The project has included the creation of a consortium coordinated by the University of Burgos (UBU) with other associated project beneficiaries: the University of Valladolid (UVA), the General Foundation of the University of Valladolid (FUNGE-UVA), the firm KEPLER Engineering and Ecomanagement, the Technology Center of Extremadura (CTAEX) and Appellation Controlee (AC) of Wines of Uclés (Cuenca).

With a total budget of 1,253,361 €, the net contribution of the European Union (EU) is 602,636 €, which represents a co-financing of nearly 50% of the overall cost of the project.
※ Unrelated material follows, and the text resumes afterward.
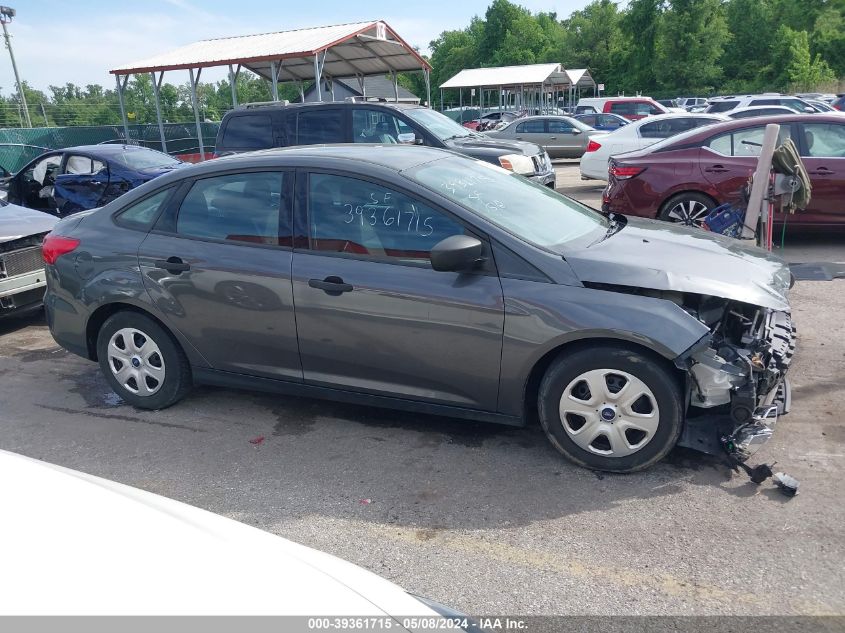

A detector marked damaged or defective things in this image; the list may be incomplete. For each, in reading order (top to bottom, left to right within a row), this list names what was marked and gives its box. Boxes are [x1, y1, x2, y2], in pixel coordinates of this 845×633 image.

Included in the project LIFE + Integral Carbon is the design and implementation of two portable modules in which the anaerobic digestion of wastewater and organic waste generated in agribusiness will be transformed into biogas, a process which will be energetically valorized, and a photobioreactor where the digestate of the above process and the emitted CO2 will be used for the synthesis of algal biomass, which will eventually be applied to soil as a biofertilizer.

The company KEPLER Engineering and Eco-Management and the Research Group TADRUS of the University of Valladolid is working on the photobioreactor.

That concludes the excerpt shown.